- **What this task involves**: Output, exactly as written, the lines below starting at the line containing "Vardon Genuine Leather" and ending at the line containing "Symbol chrztu świętego". Drop the pictures and keep both end lines.
══ Exercise data ══
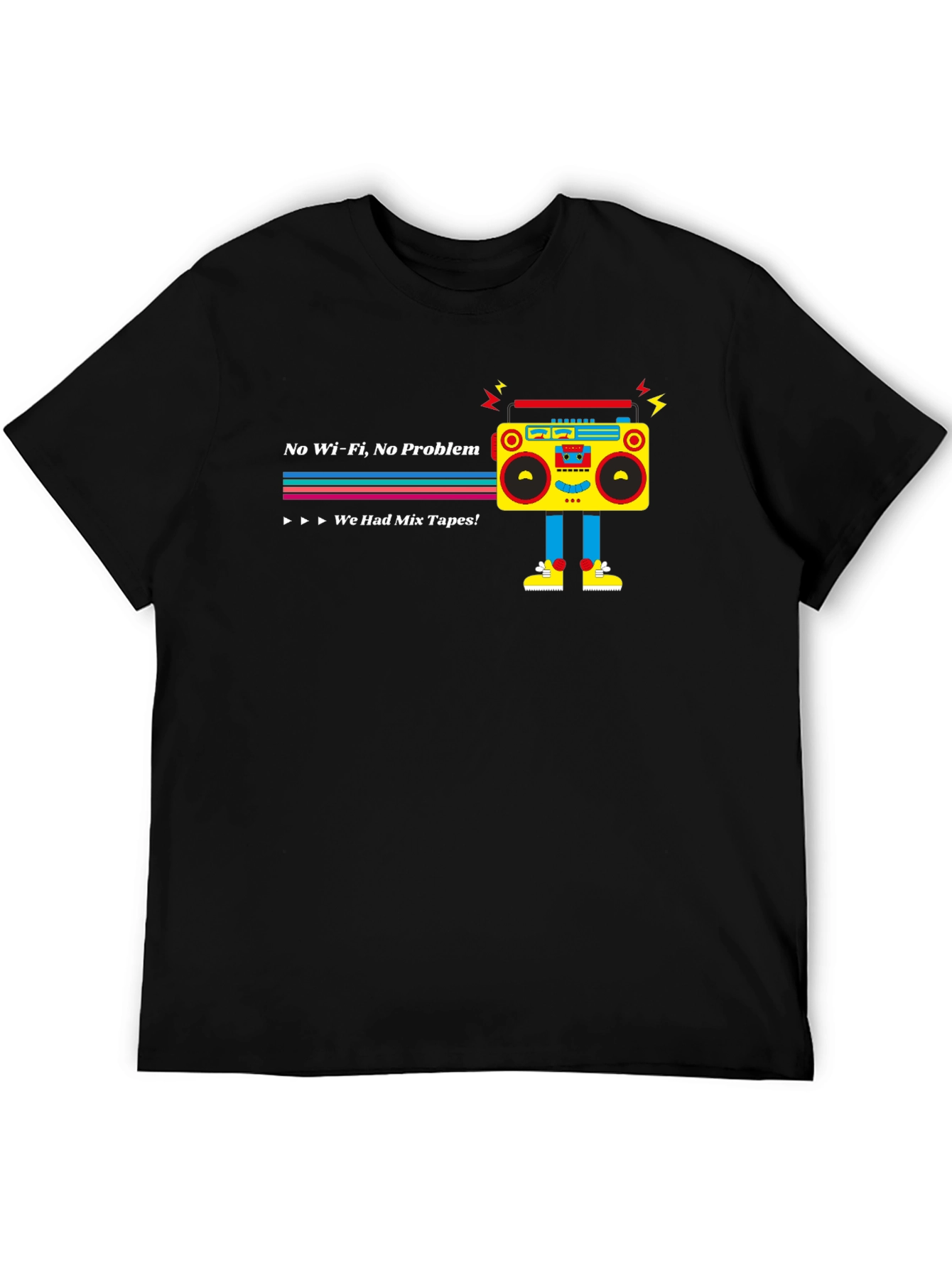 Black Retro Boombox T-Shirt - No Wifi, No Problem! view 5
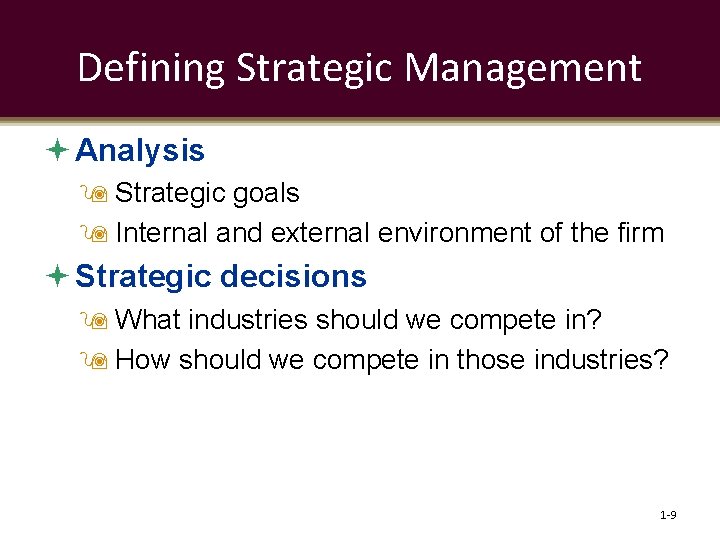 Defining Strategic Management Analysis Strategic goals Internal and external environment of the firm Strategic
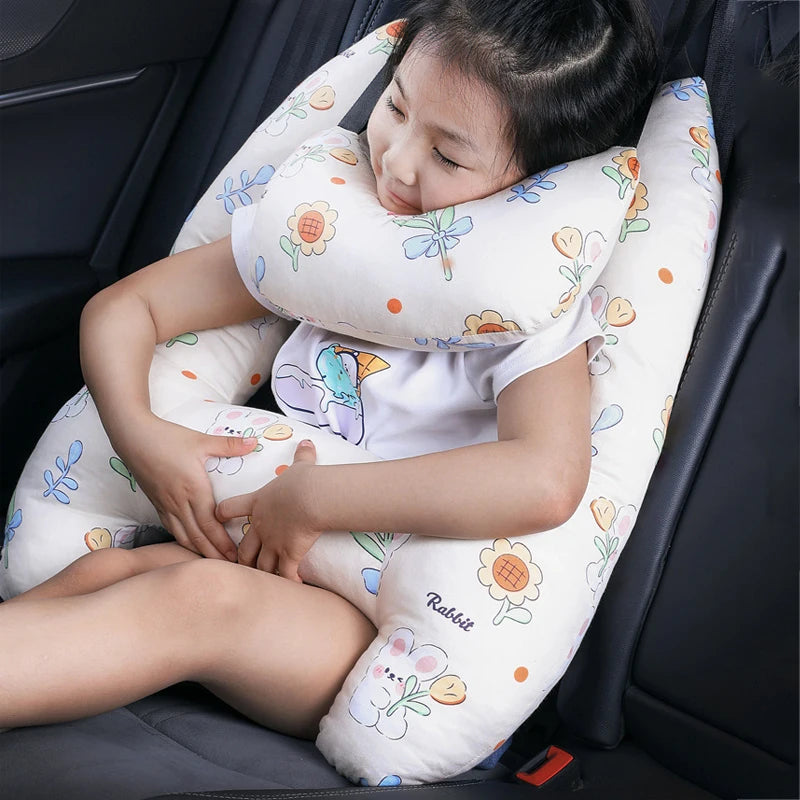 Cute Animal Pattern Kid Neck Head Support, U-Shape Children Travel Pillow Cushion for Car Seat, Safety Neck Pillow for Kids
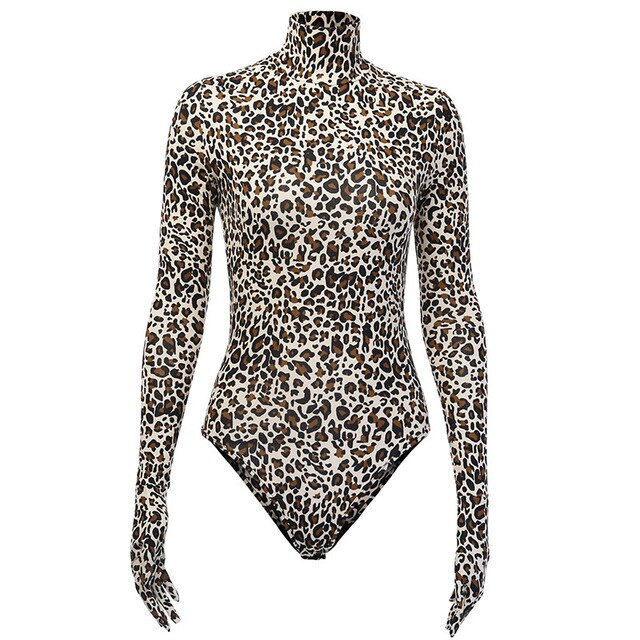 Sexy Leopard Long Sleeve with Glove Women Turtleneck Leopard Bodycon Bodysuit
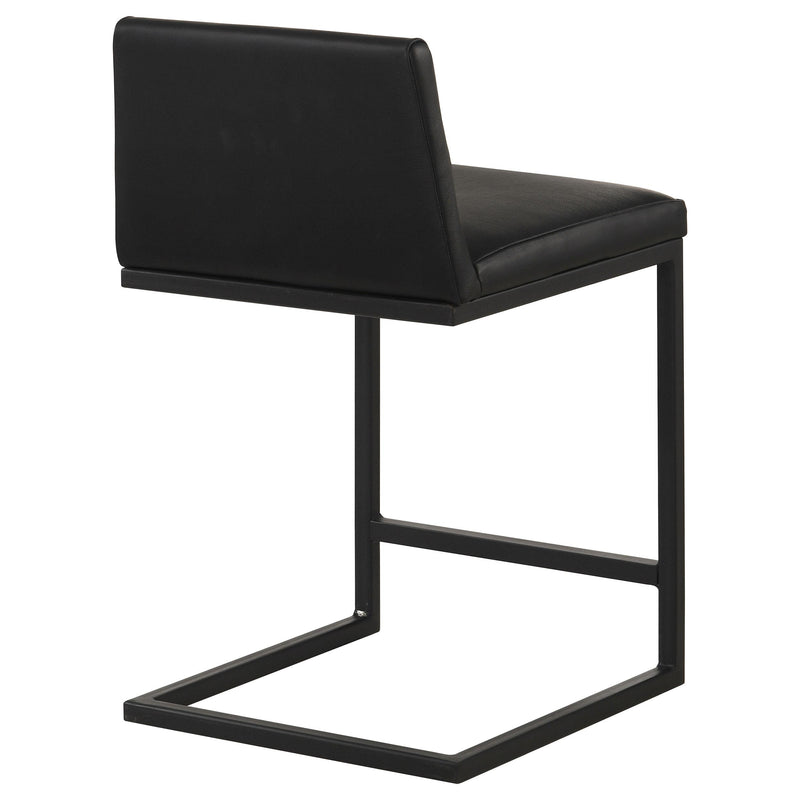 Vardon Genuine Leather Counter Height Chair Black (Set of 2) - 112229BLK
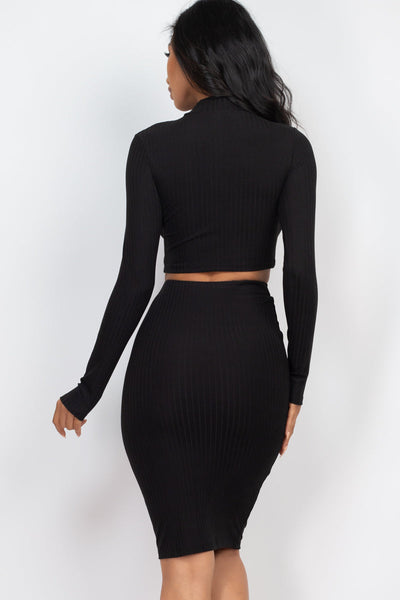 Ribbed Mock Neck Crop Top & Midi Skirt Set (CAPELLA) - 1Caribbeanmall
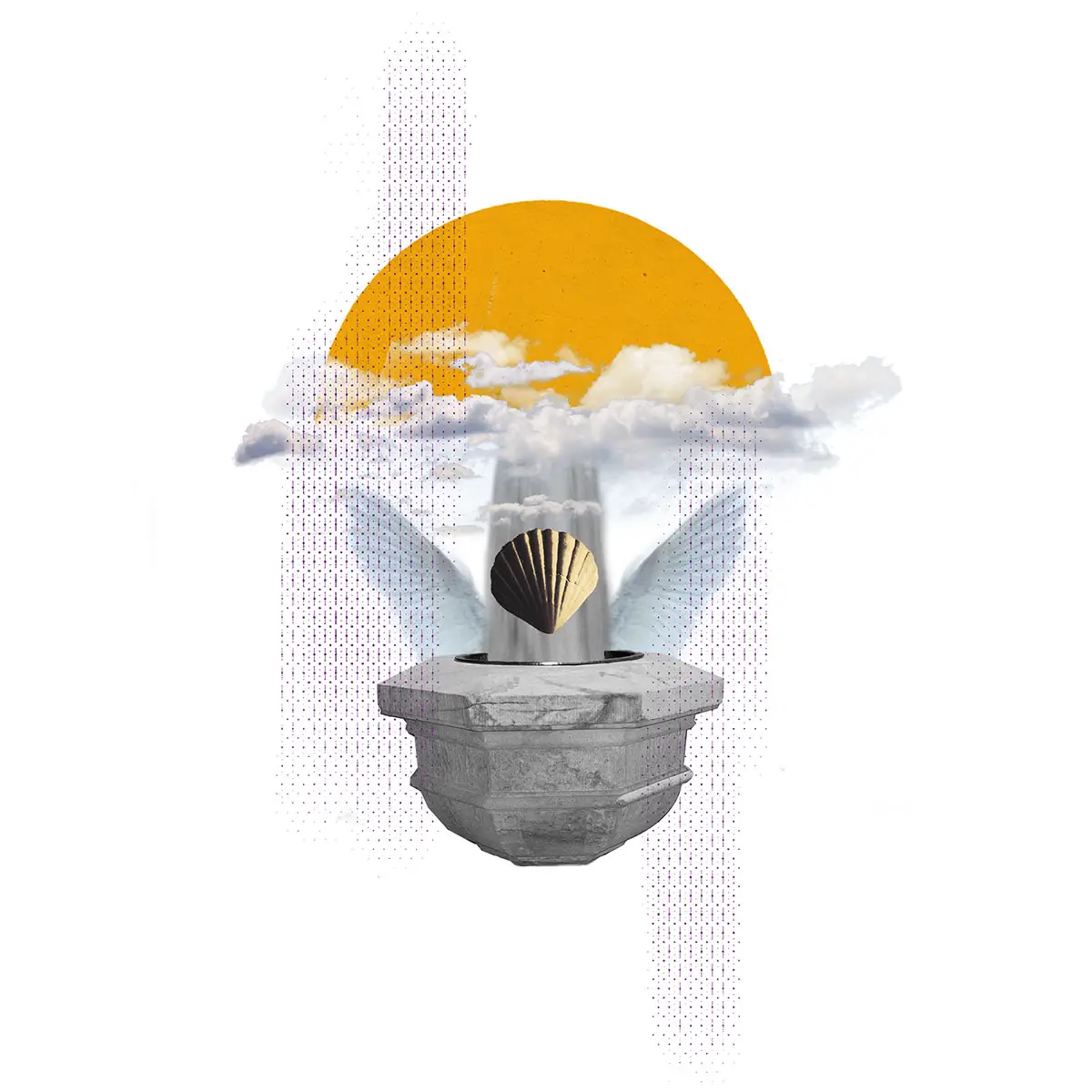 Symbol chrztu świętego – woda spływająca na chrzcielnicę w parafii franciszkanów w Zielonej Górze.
═══
══ Exercise data ══
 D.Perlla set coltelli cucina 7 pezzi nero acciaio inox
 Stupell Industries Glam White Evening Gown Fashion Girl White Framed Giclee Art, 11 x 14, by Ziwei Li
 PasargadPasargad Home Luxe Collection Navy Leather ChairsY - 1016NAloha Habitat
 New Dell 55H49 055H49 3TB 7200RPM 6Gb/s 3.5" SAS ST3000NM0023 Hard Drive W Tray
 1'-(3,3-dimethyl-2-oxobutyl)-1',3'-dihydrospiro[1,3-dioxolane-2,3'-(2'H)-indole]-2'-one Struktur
═══
- **Task response**:
 Vardon Genuine Leather Counter Height Chair Black (Set of 2) - 112229BLK
 Ribbed Mock Neck Crop Top & Midi Skirt Set (CAPELLA) - 1Caribbeanmall
 Symbol chrztu świętego – woda spływająca na chrzcielnicę w parafii franciszkanów w Zielonej Górze.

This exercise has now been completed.